The Kamituga mobile court heard eleven rape cases during its two week session. Kasereka’s was one of three rape cases that involved accusations of sex with consent, albeit by a minor. These cases reveal what might be a flaw in Congo’s laws governing rape—laws that too few people know about and too few consider a deterrent to following traditions. Many of these people are illiterate and live far from urban areas.
Kasereka’s trial commenced on a hot afternoon. The judges turned up the back wall of the tent for better ventilation, and a passing goat took the opportunity to gaze into the tent, seeking grass perhaps, or a lost kid. The presence of the goat, combined with the household drama of the case, turned the crowd giddy and boisterous.
Kasereka admitted to having had sexual relations with Z.B. a dozen times, either at his house or at Z.B.’s, since they began seeing each other in August 2010.
“Have you lived together with her yet?” The presiding judge asked him.

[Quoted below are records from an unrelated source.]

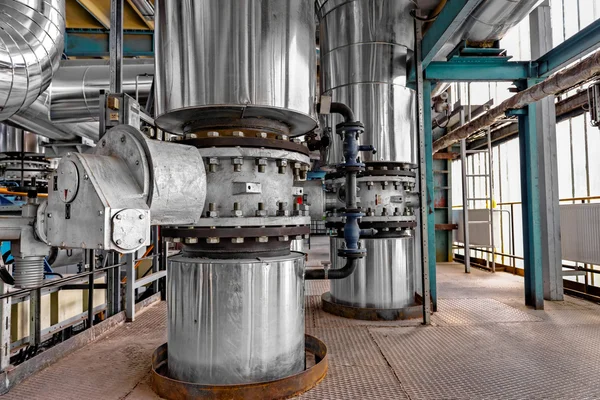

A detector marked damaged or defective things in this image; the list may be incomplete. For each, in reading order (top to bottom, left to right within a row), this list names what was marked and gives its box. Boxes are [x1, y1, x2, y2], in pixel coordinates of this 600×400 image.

rusty metal ring on floor [324, 292, 422, 320]
rusty metal ring on floor [149, 334, 328, 400]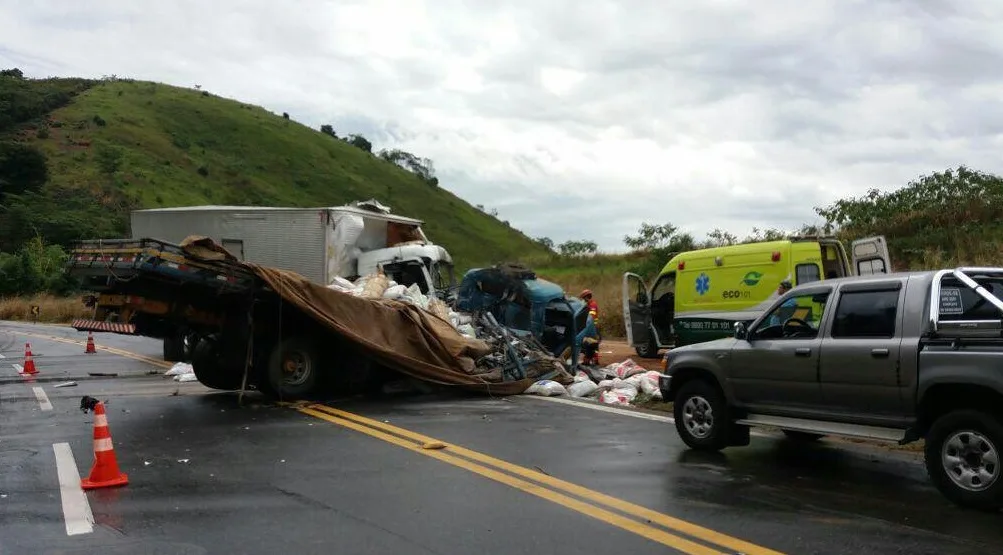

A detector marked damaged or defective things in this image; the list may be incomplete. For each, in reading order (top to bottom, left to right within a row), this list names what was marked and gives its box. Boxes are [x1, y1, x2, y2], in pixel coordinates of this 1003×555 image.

wrecked cargo truck [127, 200, 456, 364]
crushed vehicle [127, 200, 456, 364]
crushed vehicle [66, 237, 572, 402]
overturned truck [68, 237, 572, 398]
wrecked cargo truck [68, 237, 572, 402]
wrecked cargo truck [456, 266, 604, 368]
crushed vehicle [456, 266, 604, 370]
crushed vehicle [624, 236, 892, 360]
crushed vehicle [660, 264, 1003, 512]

“Her parents brought her to my place,” Kasereka answered.
Z.B. now stood before the judges.
“It is all my fault,” she said, practically crying. “I told him that I was 18, because I was already pregnant.”
“What outcome do you desire now?” the presiding judge asked.
“I want him to be let free.”
The crowd applauded and cheered.
“Does this come from deep in your heart?” the presiding judge asked.
The guards demanded silence, and pointed and hissed at people making noise.
Z.B.’s father was the last witness called. He is a diminutive man, and wore a dress shirt with a loud black and white print. He became angry as the judges questioned him concerning the dowry Kasereka had offered and his intentions in pressing for Kasereka’s prosecution.
“Do you want to accept money or some other payment and hand over this girl as a bride?” the presiding judge asked.
“No,” Z.B.’s father insisted. “I have already rejected a whole store shelf filled with rings offered up for her. I refuse now.” The crowd mumbled.
The president seemed to be seeking a way to break down the father’s resolve, so the dispute could be settled and the case dismissed with an immediate bench ruling. “Don’t be a dictator,” the president advised Z.B.’s father. “I can tell you from personal experience. I lost a 17-year-old girl. Now, I’ve ended up regretting it.”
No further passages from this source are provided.